>>

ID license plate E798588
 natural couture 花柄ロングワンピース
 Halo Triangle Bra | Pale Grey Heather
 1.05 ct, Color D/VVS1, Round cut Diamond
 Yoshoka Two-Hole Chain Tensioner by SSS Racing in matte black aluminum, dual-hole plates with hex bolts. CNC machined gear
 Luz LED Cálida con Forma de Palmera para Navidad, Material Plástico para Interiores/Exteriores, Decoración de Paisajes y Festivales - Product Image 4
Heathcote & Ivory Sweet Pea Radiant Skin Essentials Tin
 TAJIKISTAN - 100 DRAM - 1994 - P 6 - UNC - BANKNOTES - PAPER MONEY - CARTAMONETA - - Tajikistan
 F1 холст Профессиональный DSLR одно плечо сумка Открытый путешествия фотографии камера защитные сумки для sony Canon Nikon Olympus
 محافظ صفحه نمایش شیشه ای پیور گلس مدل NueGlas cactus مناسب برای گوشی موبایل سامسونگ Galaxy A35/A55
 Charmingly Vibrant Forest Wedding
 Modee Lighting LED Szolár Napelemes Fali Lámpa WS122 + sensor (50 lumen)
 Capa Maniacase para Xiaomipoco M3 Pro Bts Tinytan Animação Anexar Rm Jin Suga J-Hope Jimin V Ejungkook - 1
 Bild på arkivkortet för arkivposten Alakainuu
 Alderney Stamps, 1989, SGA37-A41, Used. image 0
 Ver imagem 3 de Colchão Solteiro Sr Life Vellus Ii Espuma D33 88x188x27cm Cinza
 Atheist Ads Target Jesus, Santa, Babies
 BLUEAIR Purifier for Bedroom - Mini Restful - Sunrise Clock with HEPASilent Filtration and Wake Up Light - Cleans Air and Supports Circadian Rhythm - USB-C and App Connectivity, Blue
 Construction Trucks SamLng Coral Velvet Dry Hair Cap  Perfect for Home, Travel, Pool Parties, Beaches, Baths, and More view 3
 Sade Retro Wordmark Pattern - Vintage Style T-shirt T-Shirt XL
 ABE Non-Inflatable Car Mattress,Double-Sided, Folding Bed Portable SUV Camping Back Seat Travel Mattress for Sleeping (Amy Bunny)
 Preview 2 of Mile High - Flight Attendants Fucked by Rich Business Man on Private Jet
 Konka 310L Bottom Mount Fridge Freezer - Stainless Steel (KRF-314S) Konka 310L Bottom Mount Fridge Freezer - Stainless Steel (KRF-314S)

<<

* **Problem requirements**: Each line of the entries that contains the word "with" should be listed.

* **Solution to the problem**:
 Yoshoka Two-Hole Chain Tensioner by SSS Racing in matte black aluminum, dual-hole plates with hex bolts. CNC machined gear
 BLUEAIR Purifier for Bedroom - Mini Restful - Sunrise Clock with HEPASilent Filtration and Wake Up Light - Cleans Air and Supports Circadian Rhythm - USB-C and App Connectivity, Blue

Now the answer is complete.